The legislation, HB1105, aims to strip funding from sheriff’s offices who refuse to work with federal immigration officials to check individuals in their custody who seem to be in the country illegally.

Kemp signed the bill at the Georgia Public Safety Training Center in Forsyth on Wednesday. According to him, the law is an effort to avoid a repetition of the killing of 22-year-old nursing student Laken Riley.

The bill “became one of our top priorities following the senseless death of Laken Riley at the hands of someone in this country illegally who had already been arrested even after crossing the border,” Kemp said.

“If you enter our country illegally and proceed to commit further crime in our communities, we will not allow your crimes to go unanswered,” he added.

Riley’s suspected killer, Jose Ibarra, unlawfully entered into the United States in 2022, according to immigration officials.

Before the signing of the bill into law, Democrats expressed opposition to it, claiming that people would be less cooperative with police and reluctant to report crime as the law would turn law enforcement officials into immigration police.

Critics also hold on to studies that suggest immigrants are less likely to commit crimes than native-born Americans.

Immigration advocates held a rally on Wednesday in protest against the immigration measure, claiming that it holds adverse implications for illegal immigrants in Georgia as they claim that something as little as joining a protest could get the immigrants deported.

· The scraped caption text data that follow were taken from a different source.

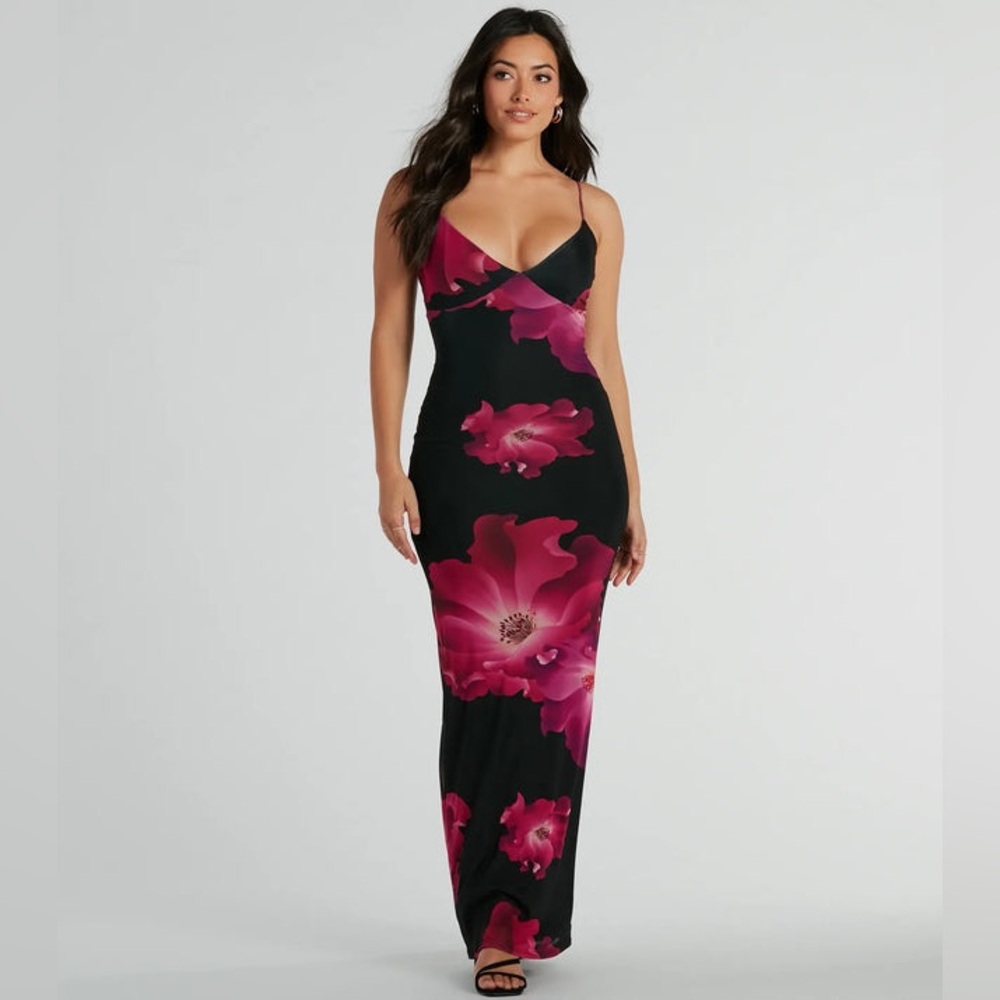 Windsor Maxi Dress Romance That Wows Large Blossom Floral Maxi Dress
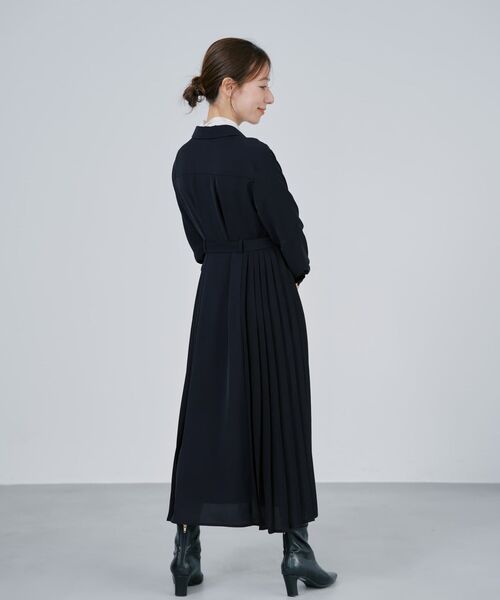 COHINA（コヒナ）の「ベルト付きサイドプリーツワンピース-short & regular 【低身長・小柄女性】（シャツワンピース・レディース・ネイビー/ベージュ・REGULAR/SHORT）」の19枚目の写真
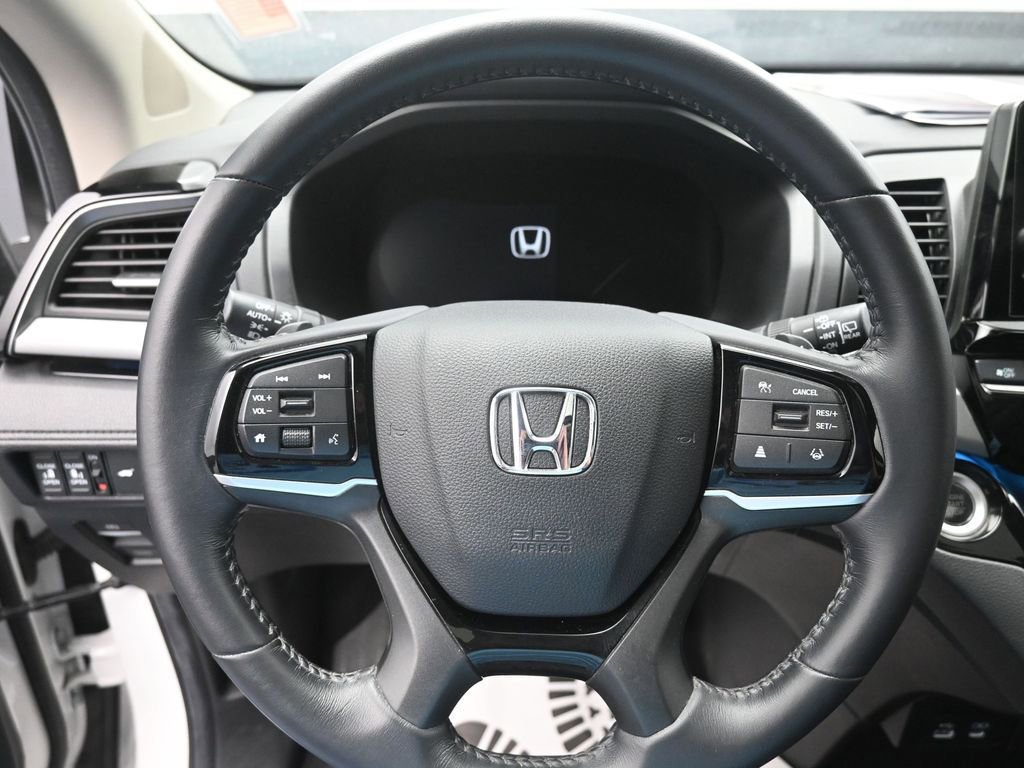 Used 2025 Honda Odyssey Touring image 15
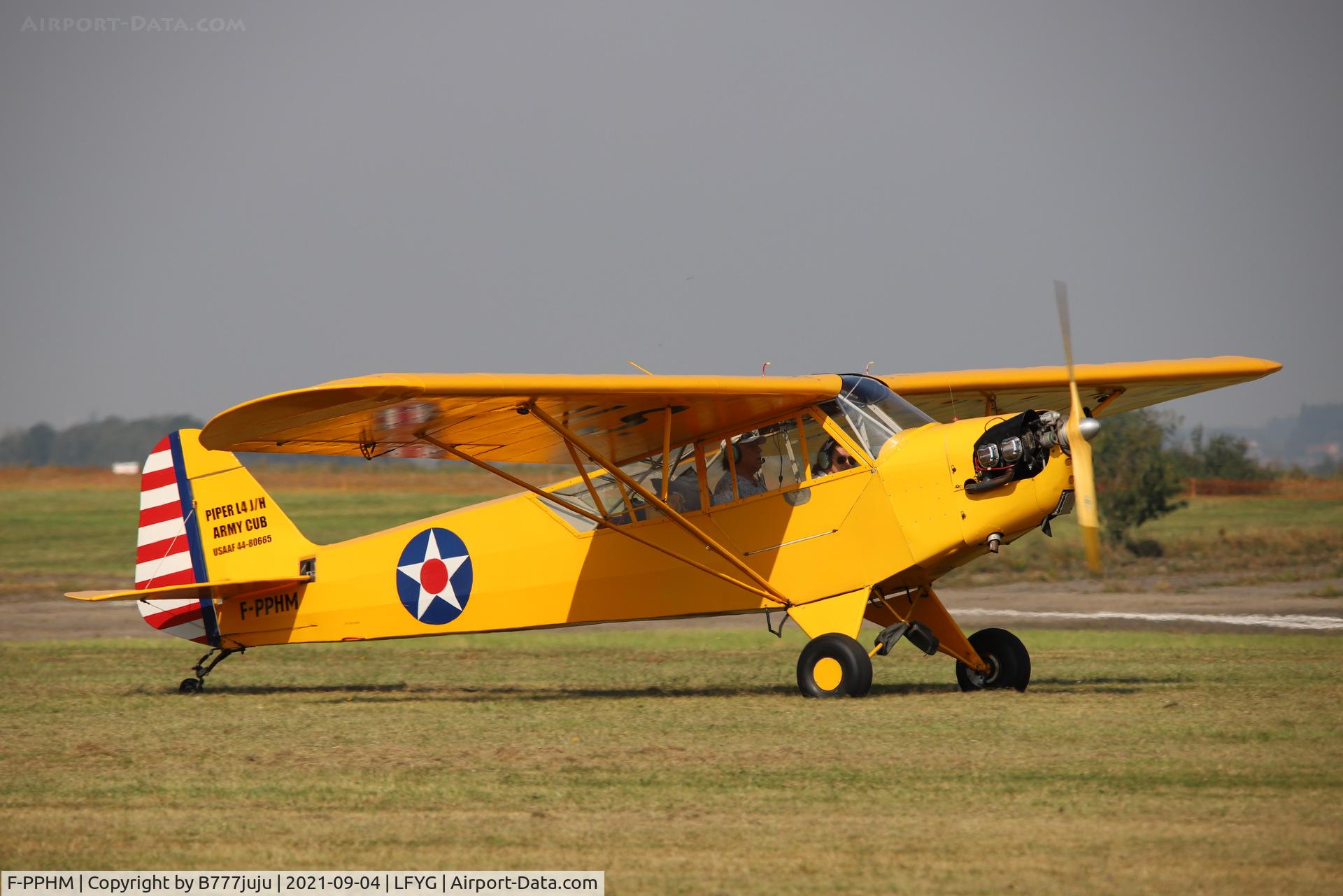 F-PPHM, 1944 Piper L-4H Grasshopper (J3C-65D) C/N 12961, Cambrai airshow 2021
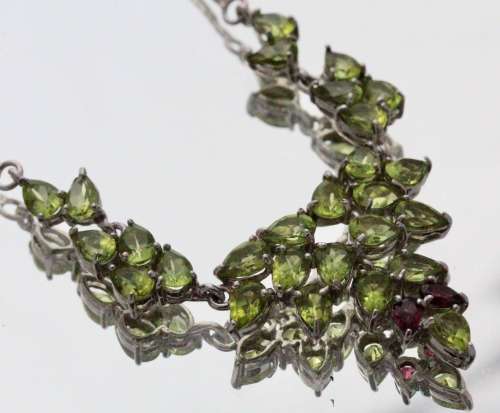 GORGEOUS GREEN PERIDOT PENDANT NECKLACE WITH 18` STERLING SILVER HERRINGBONE CHAIN. 925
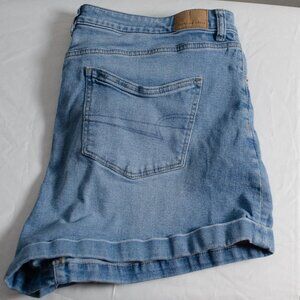 American Eagle Mom Shorts Women's size 16 Roll Cuff Blue Stretch Denim Stretch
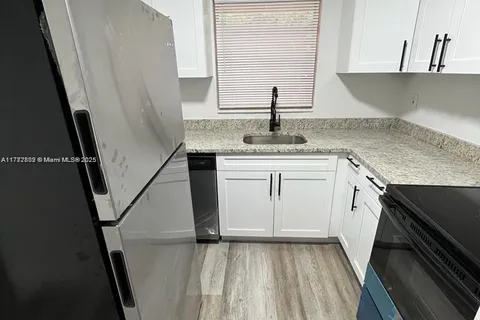 904 SW 10th St # 3, Hallandale Beach FL 33009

In addition to HB1105, Kemp signed a separate bill that requires cash bail for an additional 30 crimes. The bill also prevents people and charitable bail funds from posting cash bonds for more than three people in one year unless they meet the requirements to become a bail company.

Most of the provisions of the law on illegal immigrants were to go into effect immediately while the bail law will go into effect on July 1.